I arrived at the train station and my brother picked me up. We then had a further half an hour journey back home. Initially, we were both silent, unable to comprehend how everything can just change so suddenly. Then we began reminiscing and I couldn't help but feel overwhelmed with feelings. In that moment, I couldn't remember the good I'd done for you. I instantly felt regret for the times I'd ignore your small requests out of pure laziness. I wish you were here so I could hasten to fulfil your every wish. Even if for just one more time.
I remember the last thing you said to me, two weeks prior to passing, "Make sure you come and see me before I leave." It was as if you knew you were going to be leaving us soon.
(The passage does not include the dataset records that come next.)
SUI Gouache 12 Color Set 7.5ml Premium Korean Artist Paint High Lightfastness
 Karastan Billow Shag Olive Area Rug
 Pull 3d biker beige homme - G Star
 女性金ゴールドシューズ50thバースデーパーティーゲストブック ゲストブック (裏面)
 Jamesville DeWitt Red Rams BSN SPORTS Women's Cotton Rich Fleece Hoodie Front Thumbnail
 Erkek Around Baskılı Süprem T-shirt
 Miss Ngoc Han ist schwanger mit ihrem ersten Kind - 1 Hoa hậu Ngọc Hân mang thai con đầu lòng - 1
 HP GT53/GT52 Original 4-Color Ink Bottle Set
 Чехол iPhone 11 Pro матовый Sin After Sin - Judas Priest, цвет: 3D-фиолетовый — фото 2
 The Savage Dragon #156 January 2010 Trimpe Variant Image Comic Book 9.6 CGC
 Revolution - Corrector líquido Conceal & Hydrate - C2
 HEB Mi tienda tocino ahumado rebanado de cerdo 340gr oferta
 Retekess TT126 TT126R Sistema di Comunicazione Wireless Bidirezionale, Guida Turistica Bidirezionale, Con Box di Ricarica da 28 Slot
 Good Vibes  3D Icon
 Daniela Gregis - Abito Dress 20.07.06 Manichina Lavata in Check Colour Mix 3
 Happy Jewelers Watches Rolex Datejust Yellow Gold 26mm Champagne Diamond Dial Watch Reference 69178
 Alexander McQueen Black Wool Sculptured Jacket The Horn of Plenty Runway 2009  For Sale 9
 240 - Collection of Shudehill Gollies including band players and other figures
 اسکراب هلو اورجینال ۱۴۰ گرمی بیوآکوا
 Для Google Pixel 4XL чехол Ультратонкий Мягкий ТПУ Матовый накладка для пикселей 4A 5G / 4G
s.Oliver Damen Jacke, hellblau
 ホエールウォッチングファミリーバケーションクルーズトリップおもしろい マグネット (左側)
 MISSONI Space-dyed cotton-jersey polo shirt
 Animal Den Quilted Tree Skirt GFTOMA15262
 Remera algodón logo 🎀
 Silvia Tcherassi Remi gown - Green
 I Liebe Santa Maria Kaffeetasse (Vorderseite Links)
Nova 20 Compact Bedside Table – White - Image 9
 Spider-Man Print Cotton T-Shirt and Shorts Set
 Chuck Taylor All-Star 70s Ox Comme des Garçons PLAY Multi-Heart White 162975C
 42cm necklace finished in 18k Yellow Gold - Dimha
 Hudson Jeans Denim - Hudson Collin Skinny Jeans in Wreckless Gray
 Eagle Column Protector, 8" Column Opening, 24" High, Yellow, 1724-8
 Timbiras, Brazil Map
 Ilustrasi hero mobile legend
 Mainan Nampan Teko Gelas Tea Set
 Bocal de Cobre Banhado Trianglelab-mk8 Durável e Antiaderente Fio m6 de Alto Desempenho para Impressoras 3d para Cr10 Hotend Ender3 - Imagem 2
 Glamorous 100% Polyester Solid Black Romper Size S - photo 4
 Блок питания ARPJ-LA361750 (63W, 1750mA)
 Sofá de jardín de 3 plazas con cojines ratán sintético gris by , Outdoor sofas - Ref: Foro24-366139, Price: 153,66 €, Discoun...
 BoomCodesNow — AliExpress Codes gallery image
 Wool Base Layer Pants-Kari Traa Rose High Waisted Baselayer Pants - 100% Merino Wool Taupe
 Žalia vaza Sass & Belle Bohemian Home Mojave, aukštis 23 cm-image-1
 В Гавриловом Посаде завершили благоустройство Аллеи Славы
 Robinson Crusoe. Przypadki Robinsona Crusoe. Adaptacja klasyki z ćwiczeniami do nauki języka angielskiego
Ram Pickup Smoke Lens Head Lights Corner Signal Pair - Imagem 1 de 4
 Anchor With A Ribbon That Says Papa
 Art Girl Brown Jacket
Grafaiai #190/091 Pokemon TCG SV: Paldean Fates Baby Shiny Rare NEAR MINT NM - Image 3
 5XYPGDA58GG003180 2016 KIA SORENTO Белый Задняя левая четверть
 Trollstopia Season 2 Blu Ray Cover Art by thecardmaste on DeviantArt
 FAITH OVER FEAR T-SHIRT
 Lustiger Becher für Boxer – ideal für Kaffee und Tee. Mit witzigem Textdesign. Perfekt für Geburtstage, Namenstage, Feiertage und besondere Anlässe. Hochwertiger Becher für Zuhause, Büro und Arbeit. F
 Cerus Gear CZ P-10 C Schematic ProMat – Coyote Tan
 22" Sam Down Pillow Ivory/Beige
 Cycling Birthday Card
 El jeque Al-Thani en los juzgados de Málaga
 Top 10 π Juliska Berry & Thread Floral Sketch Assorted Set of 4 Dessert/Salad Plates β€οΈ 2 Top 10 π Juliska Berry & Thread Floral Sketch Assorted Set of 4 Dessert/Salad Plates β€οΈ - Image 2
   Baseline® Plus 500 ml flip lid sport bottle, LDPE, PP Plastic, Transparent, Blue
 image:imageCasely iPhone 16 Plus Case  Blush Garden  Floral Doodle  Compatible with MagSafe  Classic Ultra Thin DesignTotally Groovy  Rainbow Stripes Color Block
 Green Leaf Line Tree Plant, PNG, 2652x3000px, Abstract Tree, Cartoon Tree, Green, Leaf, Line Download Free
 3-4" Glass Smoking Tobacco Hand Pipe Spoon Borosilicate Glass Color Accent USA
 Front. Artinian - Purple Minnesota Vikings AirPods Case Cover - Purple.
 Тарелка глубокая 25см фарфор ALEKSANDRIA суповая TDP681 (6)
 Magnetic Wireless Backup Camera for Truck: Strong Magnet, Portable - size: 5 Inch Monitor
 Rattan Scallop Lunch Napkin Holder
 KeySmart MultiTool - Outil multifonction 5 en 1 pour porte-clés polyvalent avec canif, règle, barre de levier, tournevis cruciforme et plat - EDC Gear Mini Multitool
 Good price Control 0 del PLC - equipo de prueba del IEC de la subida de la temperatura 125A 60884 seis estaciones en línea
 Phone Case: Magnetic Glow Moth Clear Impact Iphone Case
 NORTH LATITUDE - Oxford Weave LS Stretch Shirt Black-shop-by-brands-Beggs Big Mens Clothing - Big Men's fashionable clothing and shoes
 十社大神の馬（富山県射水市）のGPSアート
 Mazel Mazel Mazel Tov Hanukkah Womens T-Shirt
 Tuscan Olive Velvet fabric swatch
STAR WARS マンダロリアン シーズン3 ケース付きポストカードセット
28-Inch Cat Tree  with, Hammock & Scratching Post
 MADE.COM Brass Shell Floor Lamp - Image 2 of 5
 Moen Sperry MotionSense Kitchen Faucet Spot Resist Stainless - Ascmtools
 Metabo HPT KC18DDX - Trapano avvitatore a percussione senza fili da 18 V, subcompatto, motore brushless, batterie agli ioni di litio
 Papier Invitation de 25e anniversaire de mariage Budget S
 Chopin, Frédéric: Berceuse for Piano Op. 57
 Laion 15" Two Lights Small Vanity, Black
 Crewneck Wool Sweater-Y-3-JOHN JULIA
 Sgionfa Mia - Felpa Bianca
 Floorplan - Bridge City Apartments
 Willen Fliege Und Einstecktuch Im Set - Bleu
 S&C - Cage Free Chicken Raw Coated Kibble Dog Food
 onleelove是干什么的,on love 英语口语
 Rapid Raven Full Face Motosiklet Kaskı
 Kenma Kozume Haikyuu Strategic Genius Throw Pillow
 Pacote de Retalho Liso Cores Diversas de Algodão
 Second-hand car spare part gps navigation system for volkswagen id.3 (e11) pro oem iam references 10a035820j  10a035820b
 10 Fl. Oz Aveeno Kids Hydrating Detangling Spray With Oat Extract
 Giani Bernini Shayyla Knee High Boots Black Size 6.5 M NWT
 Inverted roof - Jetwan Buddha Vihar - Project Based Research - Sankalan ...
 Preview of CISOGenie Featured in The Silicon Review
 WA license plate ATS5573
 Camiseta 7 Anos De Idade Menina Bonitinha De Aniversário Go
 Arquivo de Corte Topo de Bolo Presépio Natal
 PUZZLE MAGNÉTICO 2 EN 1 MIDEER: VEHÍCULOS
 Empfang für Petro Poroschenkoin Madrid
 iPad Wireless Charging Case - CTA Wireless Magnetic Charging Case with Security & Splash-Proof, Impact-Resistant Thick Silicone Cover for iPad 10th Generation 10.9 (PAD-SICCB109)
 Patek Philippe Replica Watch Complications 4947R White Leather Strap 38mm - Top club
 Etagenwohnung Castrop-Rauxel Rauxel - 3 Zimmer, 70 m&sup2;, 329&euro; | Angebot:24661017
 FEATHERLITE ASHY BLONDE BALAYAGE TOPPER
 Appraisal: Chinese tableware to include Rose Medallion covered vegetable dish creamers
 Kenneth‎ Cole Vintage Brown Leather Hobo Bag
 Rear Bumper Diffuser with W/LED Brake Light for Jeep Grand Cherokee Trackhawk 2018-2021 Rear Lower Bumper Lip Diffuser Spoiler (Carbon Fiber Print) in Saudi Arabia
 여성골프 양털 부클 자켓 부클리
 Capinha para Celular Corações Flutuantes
I couldn't bear to hear those words and told you to not speak like that. I just wish you knew how much I love you, I never did tell you enough.
After your funeral abroad, I felt closure. I realised how short life was and that ultimately, we are alone. So i should get used to being alone and being happy alone and being selfish for my own peace of mind. I don't feel attachment to things anymore, I look right through them. After arriving back home in the UK, I realised alot was going to change. I don't think I am ready for how much is going to change.
I couldn't step into your bedroom the first 4 days. I tried once, to go and open the curtains one morning but I felt overwhelmed with emotion and ran back out. I tried again after 4 days with my sister and brothers and it was easier, together. We all sat reminiscing about you, we all love you.
Gran, you were the rock of the family, the glue that kept everyone together. And now that you're gone, everything has changed. My parents have split up just weeks after your passing, my aunts haven't visited or even called to see how I am. Too much is changing and I can't handle being at home. So I stay at university halls of residence any chance that I get. Even if I'm all alone, atleast I feel like I'm far away from all of it. We really don't know how to function without you. I heard from a family friend that Dad's flown away, out of the country. I guess he taught me to run away. You know, the out of sight out of mind thing. But it doesn't apply for situations like this. I need to deal with what's going on, I can't keep distracting myself and running away from my problems.
I know if you were alive you'd be telling me how strong I am and how I can take anything life throws at me, but I don't know anymore. I don't know if I can, or if your encouragement was convincing me I can.
I'm sorry I'm being selfish. I'm sure you don't want to hear the bad that's going on. Just know that we all love you, you mean the world to all of us. I'm sure we'll all get through this, stronger than before. You were always so big on family unity. Even on your deathbed, you managed to get everyone together. I can only hope this family remains a strong unit now and in the future.